INSTRUCTIONS TO FOLLOW: Every entry below needs to be copied exactly.

· · ·

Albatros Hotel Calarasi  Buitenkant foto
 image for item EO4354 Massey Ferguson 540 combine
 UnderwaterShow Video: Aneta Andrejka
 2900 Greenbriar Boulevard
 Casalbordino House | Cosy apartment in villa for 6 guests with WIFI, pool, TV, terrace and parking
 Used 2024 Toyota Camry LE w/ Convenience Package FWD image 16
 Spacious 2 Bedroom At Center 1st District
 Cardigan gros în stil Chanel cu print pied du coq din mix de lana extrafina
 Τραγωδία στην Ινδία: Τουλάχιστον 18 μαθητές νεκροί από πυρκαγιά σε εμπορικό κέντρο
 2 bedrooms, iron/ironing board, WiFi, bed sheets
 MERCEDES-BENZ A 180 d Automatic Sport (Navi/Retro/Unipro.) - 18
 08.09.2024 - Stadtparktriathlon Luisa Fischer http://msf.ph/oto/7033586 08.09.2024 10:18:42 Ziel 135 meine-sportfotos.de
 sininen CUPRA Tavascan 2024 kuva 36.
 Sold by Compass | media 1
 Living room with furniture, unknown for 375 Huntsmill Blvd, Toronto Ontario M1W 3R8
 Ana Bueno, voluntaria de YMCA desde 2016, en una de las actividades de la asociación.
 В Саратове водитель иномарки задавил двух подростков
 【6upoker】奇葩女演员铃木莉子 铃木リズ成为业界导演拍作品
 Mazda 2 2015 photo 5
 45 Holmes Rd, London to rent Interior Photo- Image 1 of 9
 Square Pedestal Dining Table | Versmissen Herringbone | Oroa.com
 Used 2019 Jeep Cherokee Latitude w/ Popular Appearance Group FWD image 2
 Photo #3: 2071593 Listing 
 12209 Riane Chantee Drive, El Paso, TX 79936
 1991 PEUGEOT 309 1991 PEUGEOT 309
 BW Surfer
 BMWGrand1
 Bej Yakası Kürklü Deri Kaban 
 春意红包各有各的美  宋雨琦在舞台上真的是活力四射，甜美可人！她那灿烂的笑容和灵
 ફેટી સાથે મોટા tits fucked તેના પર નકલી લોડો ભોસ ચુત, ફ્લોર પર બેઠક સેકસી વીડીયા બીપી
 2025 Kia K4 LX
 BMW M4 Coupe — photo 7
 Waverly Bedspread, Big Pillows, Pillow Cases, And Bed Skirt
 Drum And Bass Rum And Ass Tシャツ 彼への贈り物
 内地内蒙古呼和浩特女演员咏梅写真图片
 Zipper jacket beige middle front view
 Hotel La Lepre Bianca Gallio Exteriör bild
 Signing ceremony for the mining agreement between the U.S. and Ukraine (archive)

· · ·

RESULT FOR THIS TASK:
Albatros Hotel Calarasi  Buitenkant foto
 image for item EO4354 Massey Ferguson 540 combine
 UnderwaterShow Video: Aneta Andrejka
 2900 Greenbriar Boulevard
 Casalbordino House | Cosy apartment in villa for 6 guests with WIFI, pool, TV, terrace and parking
 Used 2024 Toyota Camry LE w/ Convenience Package FWD image 16
 Spacious 2 Bedroom At Center 1st District
 Cardigan gros în stil Chanel cu print pied du coq din mix de lana extrafina
 Τραγωδία στην Ινδία: Τουλάχιστον 18 μαθητές νεκροί από πυρκαγιά σε εμπορικό κέντρο
 2 bedrooms, iron/ironing board, WiFi, bed sheets
 MERCEDES-BENZ A 180 d Automatic Sport (Navi/Retro/Unipro.) - 18
 08.09.2024 - Stadtparktriathlon Luisa Fischer http://msf.ph/oto/7033586 08.09.2024 10:18:42 Ziel 135 meine-sportfotos.de
 sininen CUPRA Tavascan 2024 kuva 36.
 Sold by Compass | media 1
 Living room with furniture, unknown for 375 Huntsmill Blvd, Toronto Ontario M1W 3R8
 Ana Bueno, voluntaria de YMCA desde 2016, en una de las actividades de la asociación.
 В Саратове водитель иномарки задавил двух подростков
 【6upoker】奇葩女演员铃木莉子 铃木リズ成为业界导演拍作品
 Mazda 2 2015 photo 5
 45 Holmes Rd, London to rent Interior Photo- Image 1 of 9
 Square Pedestal Dining Table | Versmissen Herringbone | Oroa.com
 Used 2019 Jeep Cherokee Latitude w/ Popular Appearance Group FWD image 2
 Photo #3: 2071593 Listing 
 12209 Riane Chantee Drive, El Paso, TX 79936
 1991 PEUGEOT 309 1991 PEUGEOT 309
 BW Surfer
 BMWGrand1
 Bej Yakası Kürklü Deri Kaban 
 春意红包各有各的美  宋雨琦在舞台上真的是活力四射，甜美可人！她那灿烂的笑容和灵
 ફેટી સાથે મોટા tits fucked તેના પર નકલી લોડો ભોસ ચુત, ફ્લોર પર બેઠક સેકસી વીડીયા બીપી
 2025 Kia K4 LX
 BMW M4 Coupe — photo 7
 Waverly Bedspread, Big Pillows, Pillow Cases, And Bed Skirt
 Drum And Bass Rum And Ass Tシャツ 彼への贈り物
 内地内蒙古呼和浩特女演员咏梅写真图片
 Zipper jacket beige middle front view
 Hotel La Lepre Bianca Gallio Exteriör bild
 Signing ceremony for the mining agreement between the U.S. and Ukraine (archive)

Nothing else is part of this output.